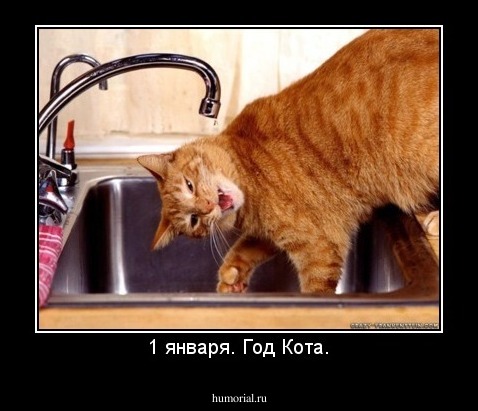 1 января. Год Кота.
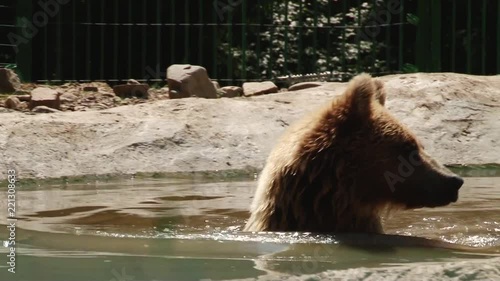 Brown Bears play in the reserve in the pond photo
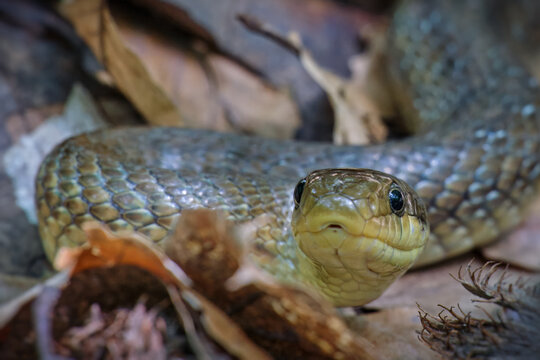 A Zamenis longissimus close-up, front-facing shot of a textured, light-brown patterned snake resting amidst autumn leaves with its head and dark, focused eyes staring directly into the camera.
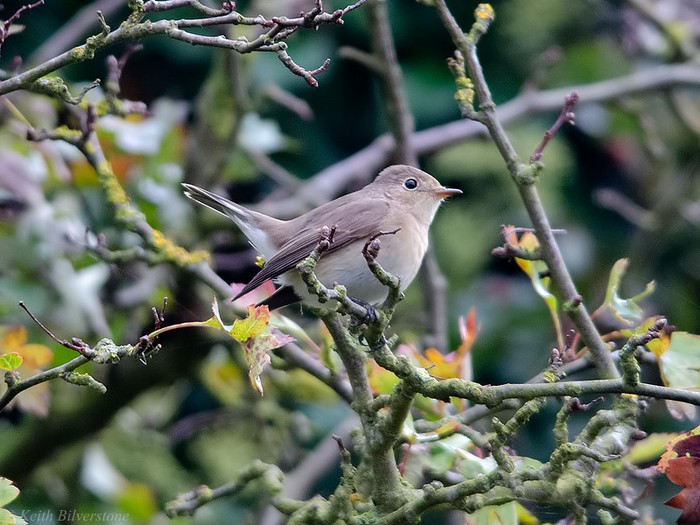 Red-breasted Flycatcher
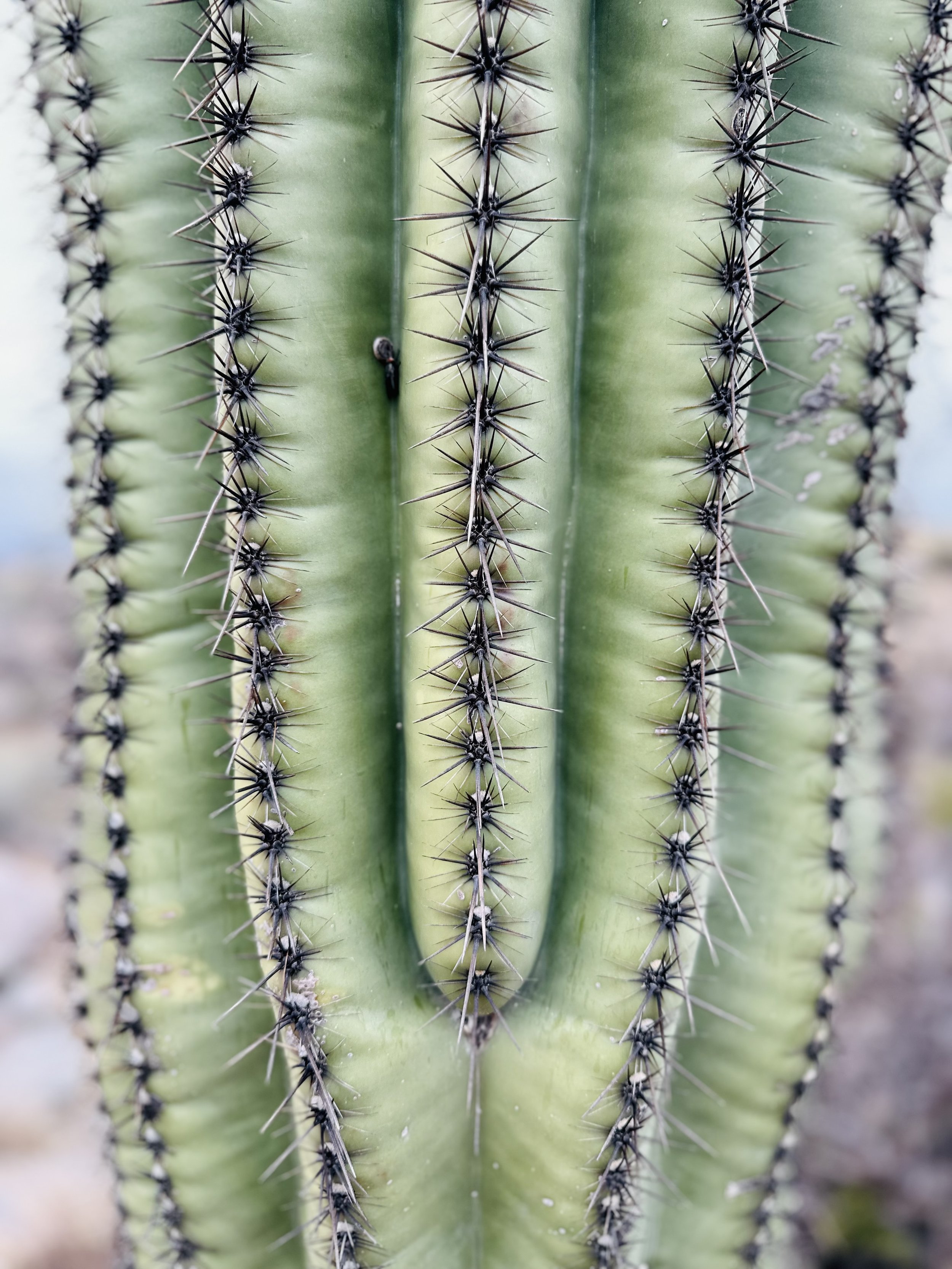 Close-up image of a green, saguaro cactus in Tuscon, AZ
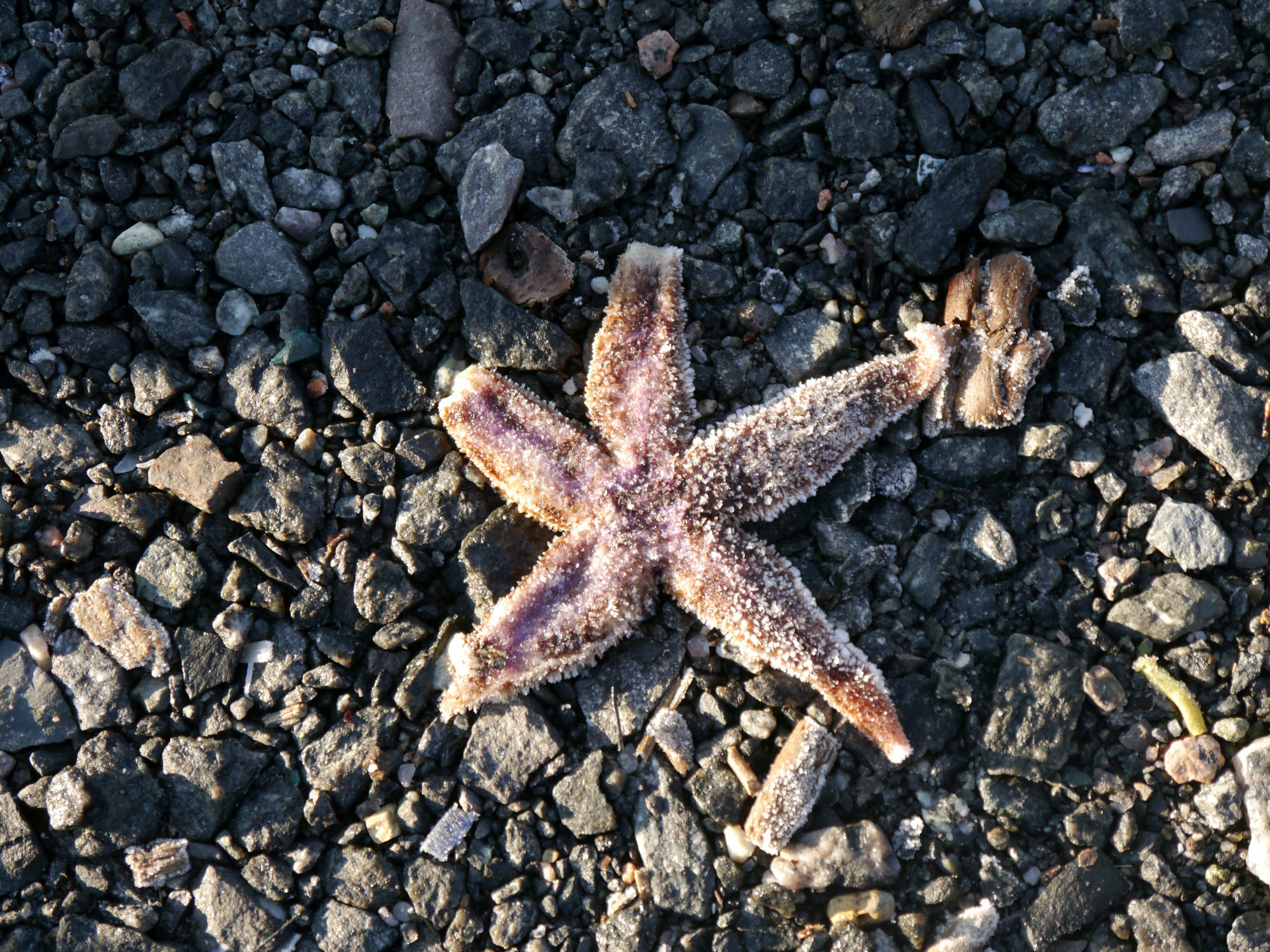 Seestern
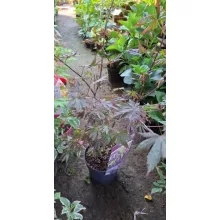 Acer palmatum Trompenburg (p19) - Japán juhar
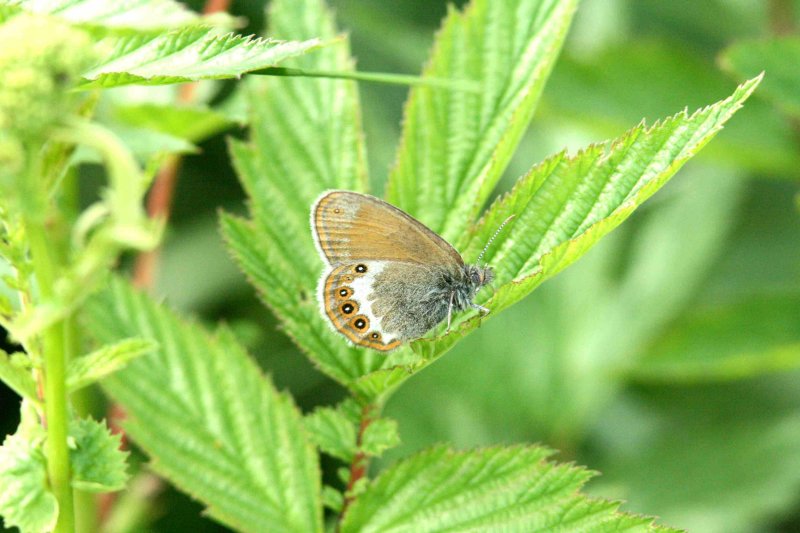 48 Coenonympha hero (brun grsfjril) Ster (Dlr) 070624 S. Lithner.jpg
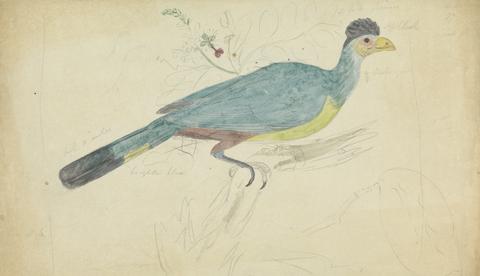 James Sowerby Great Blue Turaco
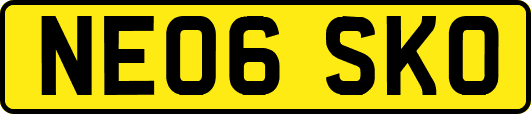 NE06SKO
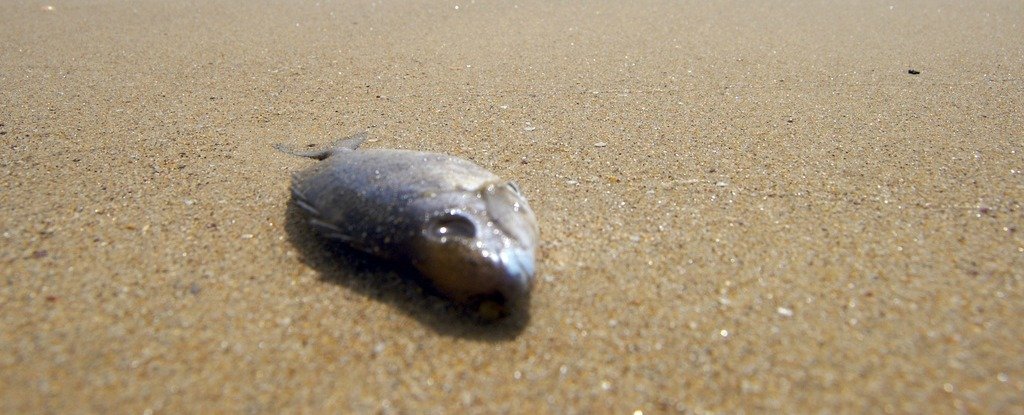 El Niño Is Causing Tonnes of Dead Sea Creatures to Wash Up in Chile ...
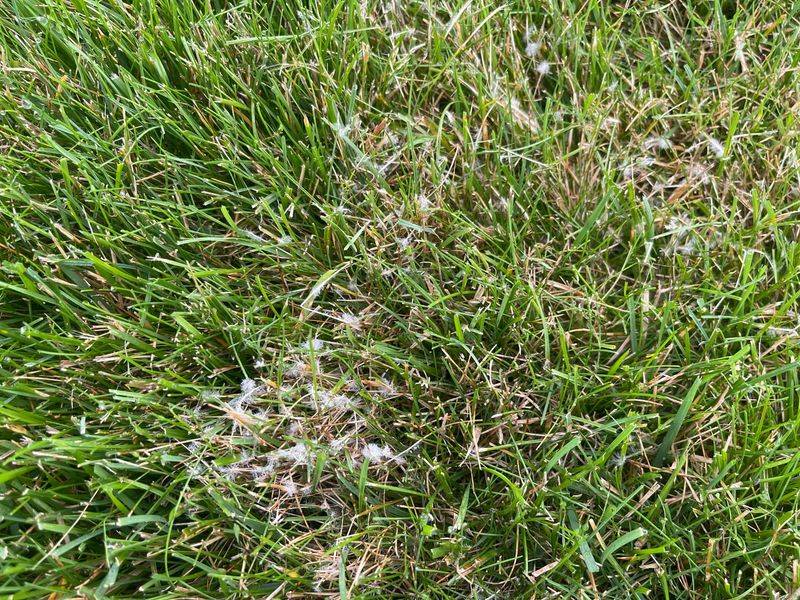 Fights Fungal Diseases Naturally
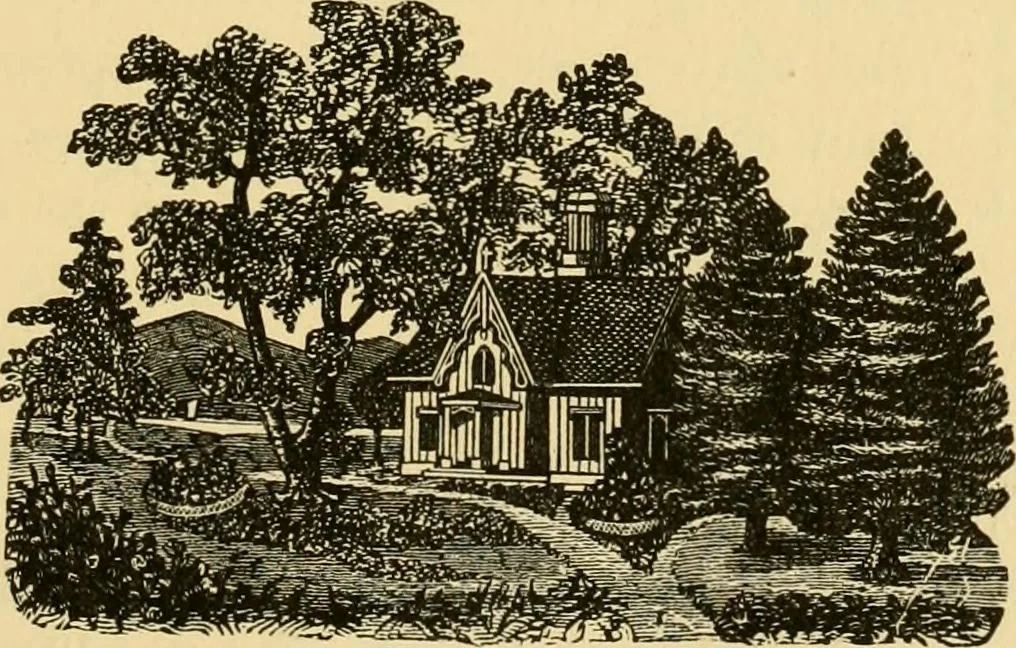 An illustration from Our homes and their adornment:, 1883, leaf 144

---*---

*Task item*:
Output each record above word for word, leaving out images.

*Output below*:
 1 января. Год Кота.
 Brown Bears play in the reserve in the pond photo
 A Zamenis longissimus close-up, front-facing shot of a textured, light-brown patterned snake resting amidst autumn leaves with its head and dark, focused eyes staring directly into the camera.
 Red-breasted Flycatcher
 Close-up image of a green, saguaro cactus in Tuscon, AZ
 Seestern
 Acer palmatum Trompenburg (p19) - Japán juhar
 48 Coenonympha hero (brun grsfjril) Ster (Dlr) 070624 S. Lithner.jpg
 James Sowerby Great Blue Turaco
 NE06SKO
 El Niño Is Causing Tonnes of Dead Sea Creatures to Wash Up in Chile ...
 Fights Fungal Diseases Naturally
 An illustration from Our homes and their adornment:, 1883, leaf 144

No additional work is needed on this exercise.